### Dataset records ###
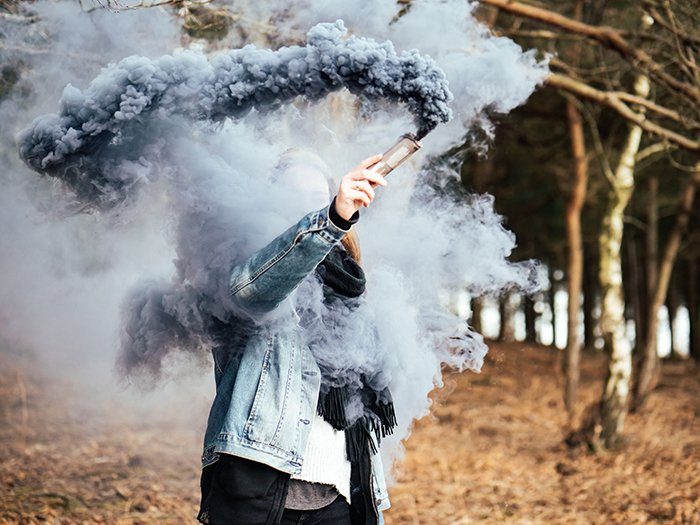 Asmoke bomb fotografía retrato de una mujer sosteniendo una granada de humo azul cerca de su cara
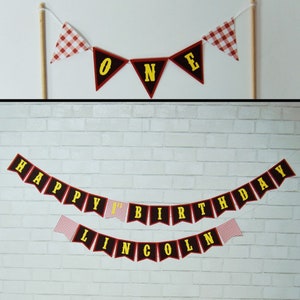 May include: Red and black bunting with yellow letters spelling "Happy 1st Birthday Lincoln" with red and white gingham flags in between.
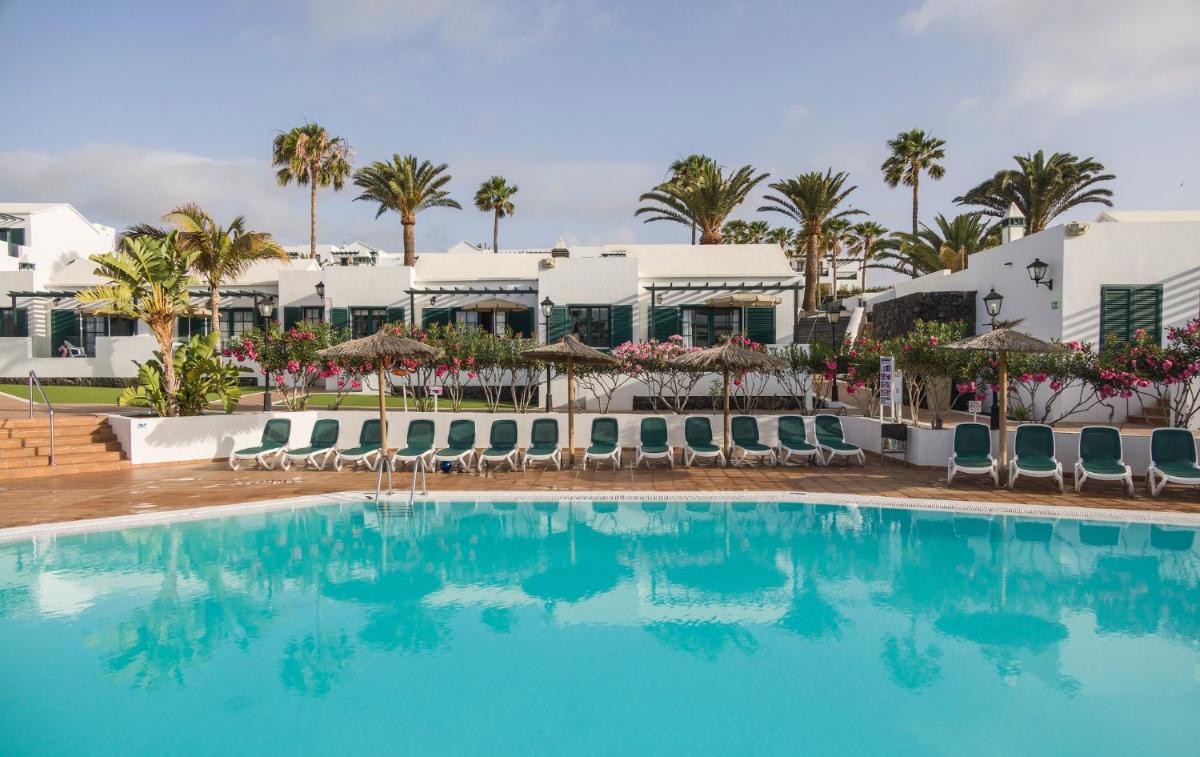 Una piscina con sillas y sombrillas frente a un resort. en ILUNION Costa Sal Lanzarote, en Puerto del Carmen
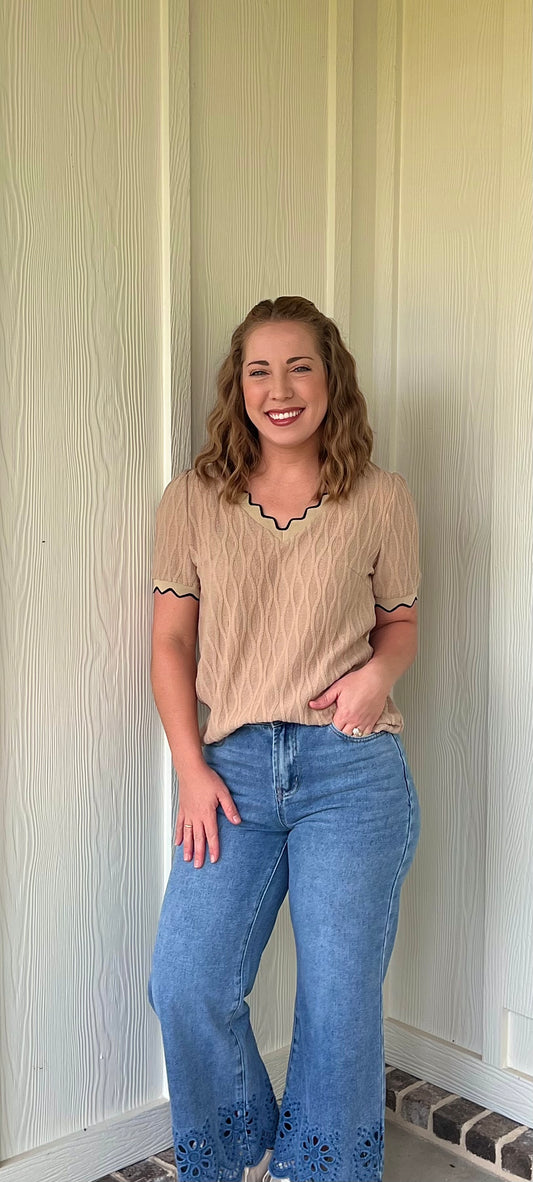 Woman wearing a beige top and blue jeans standing against a light-colored wall.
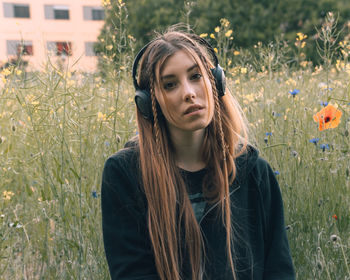 Portrait of young woman standing on field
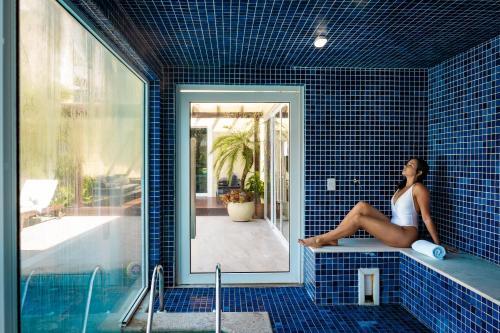 帕拉蒂Pousada Apple House Paraty的坐在蓝色瓷砖浴室的浴缸里的女人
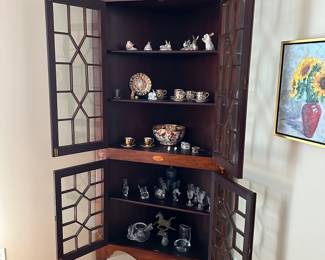 T9 - $395. Antique Corner Cabinet. Measures 36" across the front x 91" tall. Comes out from the corner 26.5".  Bottom right corner has a couple broken pieces of glass. Glass is original and is wavy. 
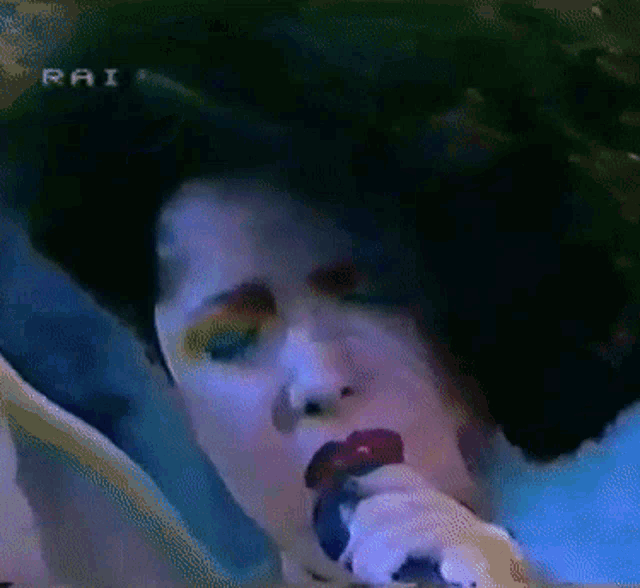 a woman singing into a microphone with rai written on the bottom of the screen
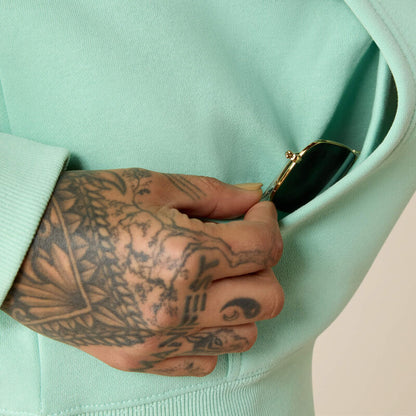 Light Green Ariat hoodie on a grey background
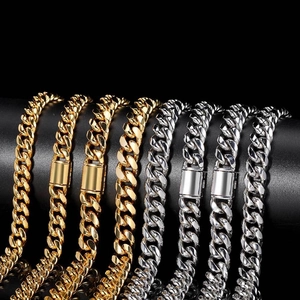Detailed close-up of gold and silver cuban link chains displayed on a black podium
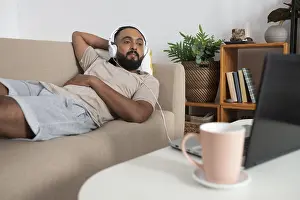 Modern Apartment Architecture Drucke: Medium shot man laying couch
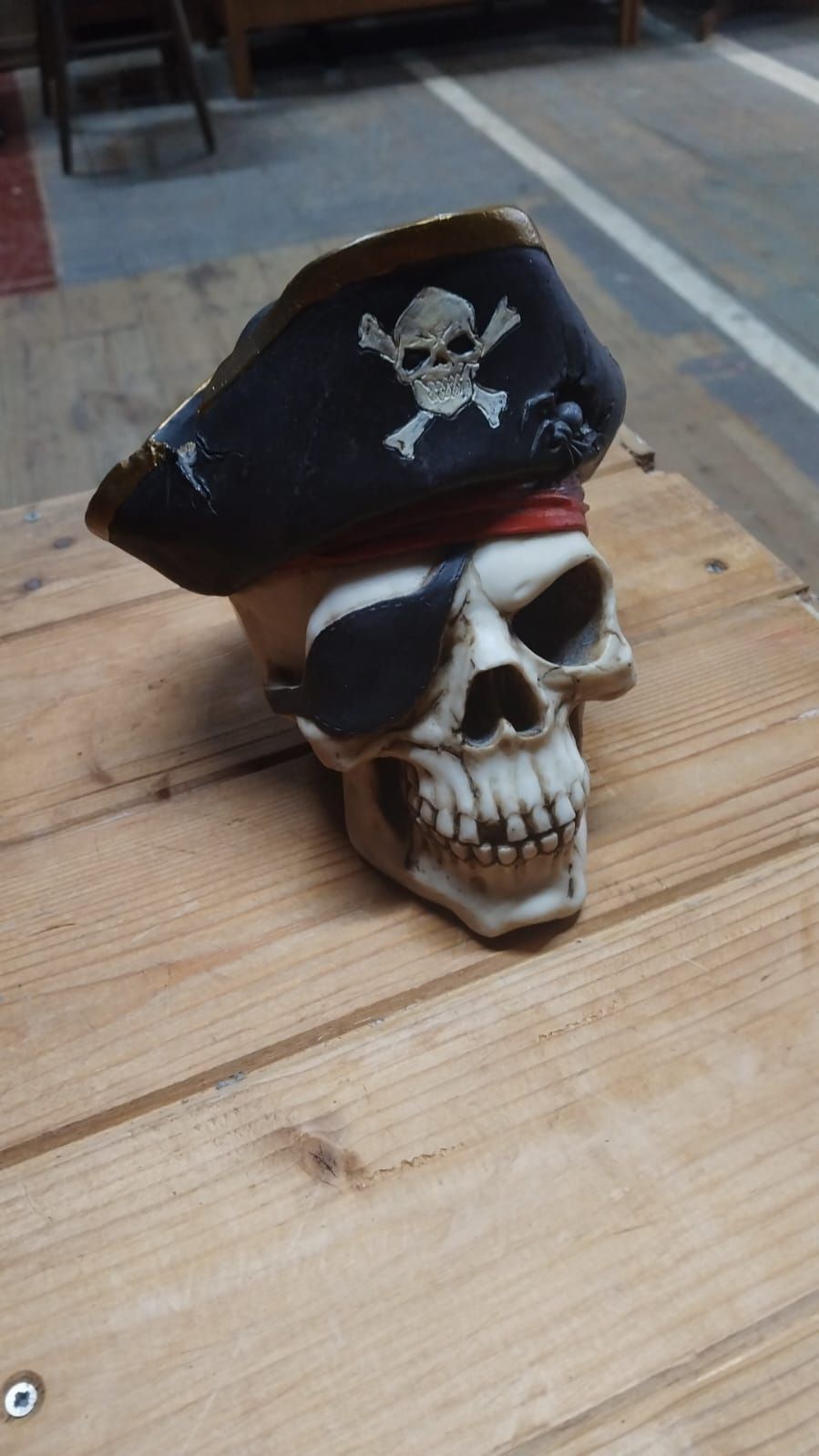 Lot 300 – A contemporary polychrome resin pirate skull novelty figurine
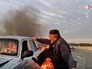 Мужчина спасает участников ДТП из горящего автомобиля Мужчина спасает участников ДТП из горящего автомобиля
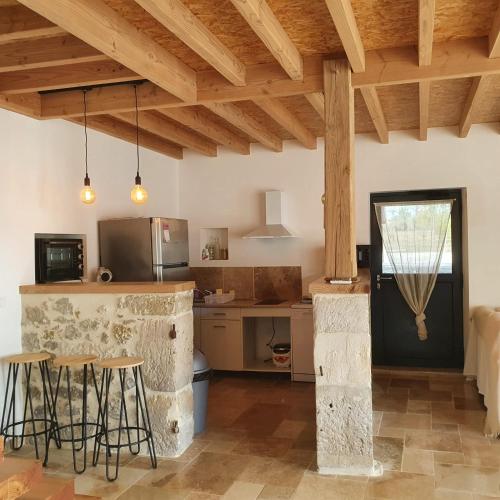 une cuisine avec un comptoir, une table et des chaises dans l'établissement Cottage chaleureux dans un Domaine d'exception, à Nomdieu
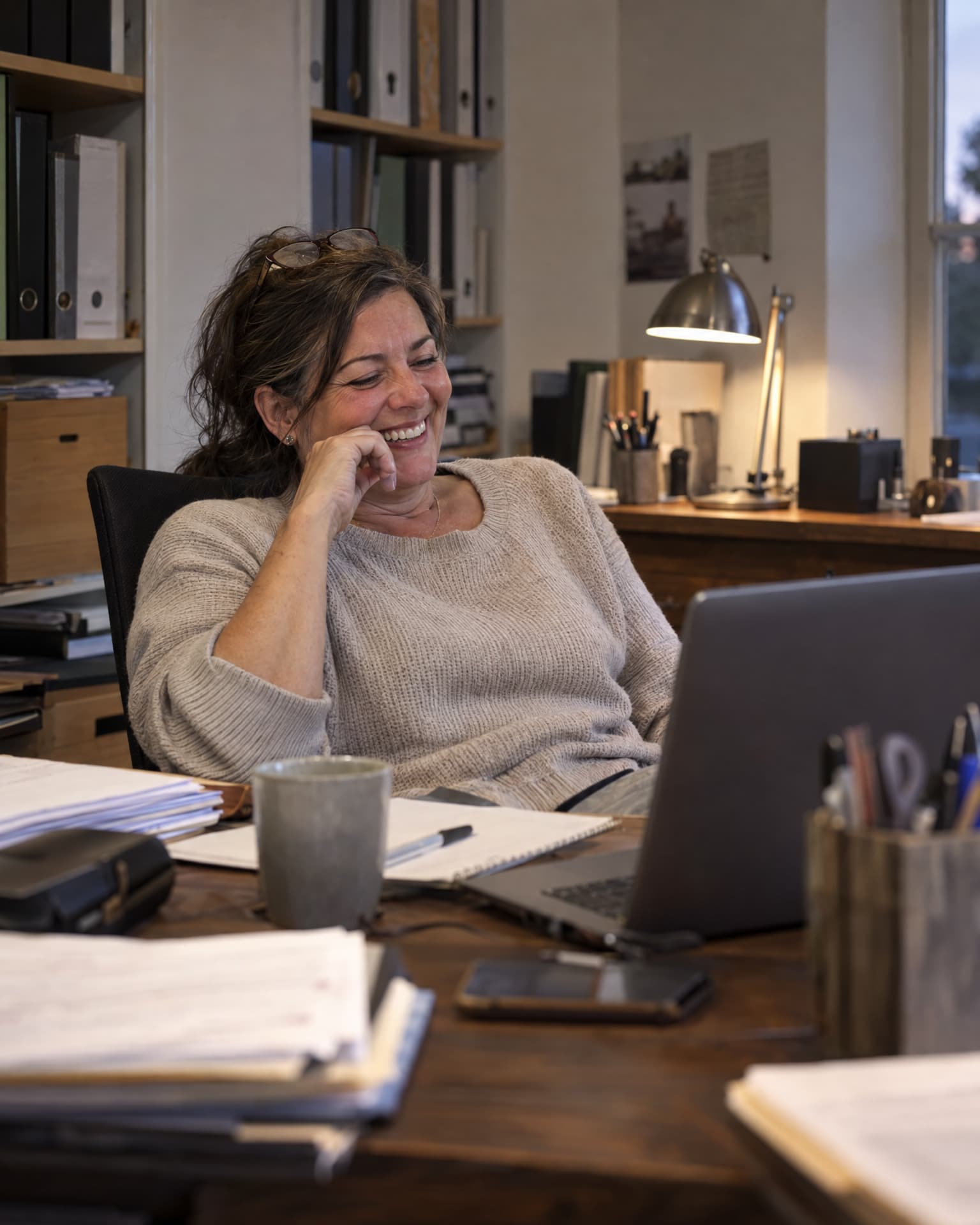 A woman with glasses pushed up into her dark hair leans back in an office chair, smiling with her hand at her chin as she looks at a laptop on a wooden desk covered with papers, a mug, a phone and a pen pot, with binders on shelves and a lit desk lamp behind her.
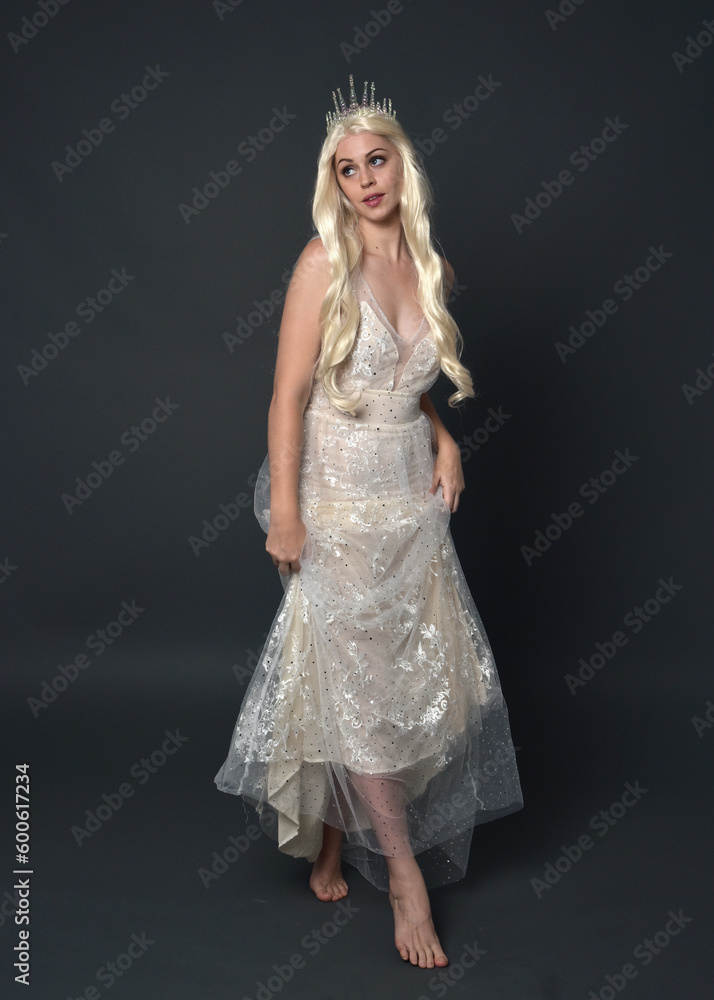 Full length portrait of beautiful women with long blonde hair, wearing fantasy princess crown and elegant white ball gown, standing pose with hand gesture. Isolated on dark grey studio background. Full length portrait of beautiful women with long blonde hair, wearing fantasy princess crown and elegant white ball gown, standing pose with hand gesture. Isolated on dark grey studio background.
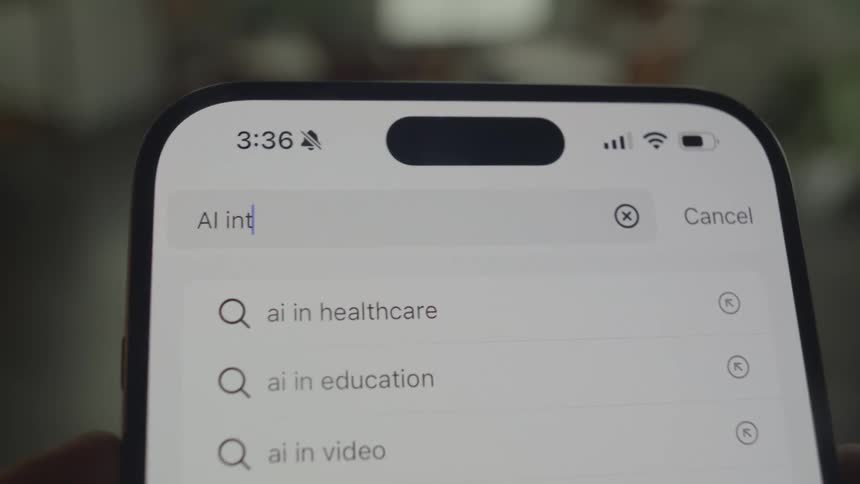 Person searches for a topic related to ai on a smartphone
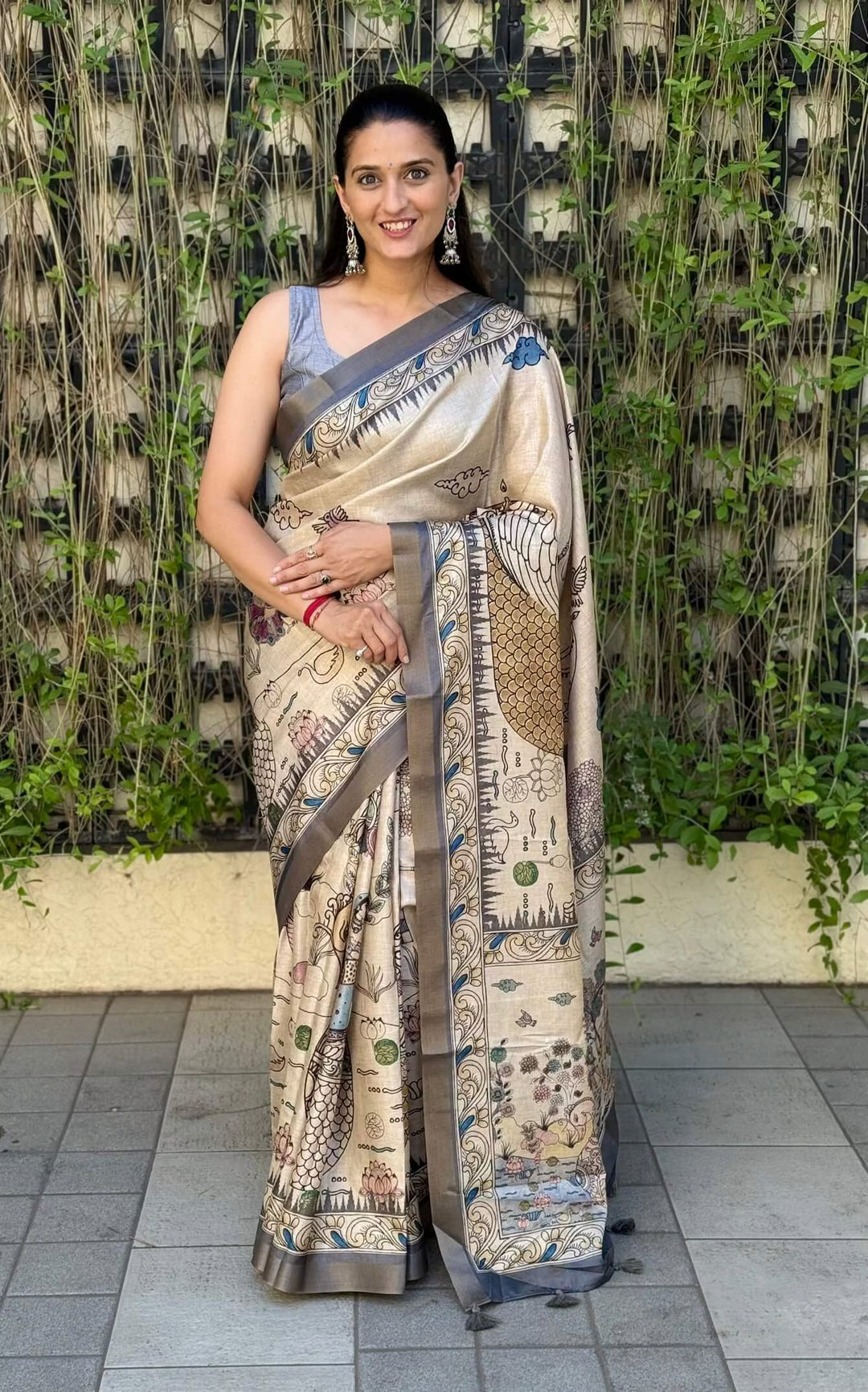 Woman wearing a traditional saree in Ash Grey, standing against a natural background.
###
* About this exercise: Every line above should be copied exactly; do not carry over the pictures.

* Task answer:
 Asmoke bomb fotografía retrato de una mujer sosteniendo una granada de humo azul cerca de su cara
 May include: Red and black bunting with yellow letters spelling "Happy 1st Birthday Lincoln" with red and white gingham flags in between.
 Una piscina con sillas y sombrillas frente a un resort. en ILUNION Costa Sal Lanzarote, en Puerto del Carmen
 Woman wearing a beige top and blue jeans standing against a light-colored wall.
 Portrait of young woman standing on field
 帕拉蒂Pousada Apple House Paraty的坐在蓝色瓷砖浴室的浴缸里的女人
 T9 - $395. Antique Corner Cabinet. Measures 36" across the front x 91" tall. Comes out from the corner 26.5".  Bottom right corner has a couple broken pieces of glass. Glass is original and is wavy. 
 a woman singing into a microphone with rai written on the bottom of the screen
 Light Green Ariat hoodie on a grey background
Detailed close-up of gold and silver cuban link chains displayed on a black podium
 Modern Apartment Architecture Drucke: Medium shot man laying couch
 Lot 300 – A contemporary polychrome resin pirate skull novelty figurine
 Мужчина спасает участников ДТП из горящего автомобиля Мужчина спасает участников ДТП из горящего автомобиля
 une cuisine avec un comptoir, une table et des chaises dans l'établissement Cottage chaleureux dans un Domaine d'exception, à Nomdieu
 A woman with glasses pushed up into her dark hair leans back in an office chair, smiling with her hand at her chin as she looks at a laptop on a wooden desk covered with papers, a mug, a phone and a pen pot, with binders on shelves and a lit desk lamp behind her.
 Full length portrait of beautiful women with long blonde hair, wearing fantasy princess crown and elegant white ball gown, standing pose with hand gesture. Isolated on dark grey studio background. Full length portrait of beautiful women with long blonde hair, wearing fantasy princess crown and elegant white ball gown, standing pose with hand gesture. Isolated on dark grey studio background.
 Person searches for a topic related to ai on a smartphone
 Woman wearing a traditional saree in Ash Grey, standing against a natural background.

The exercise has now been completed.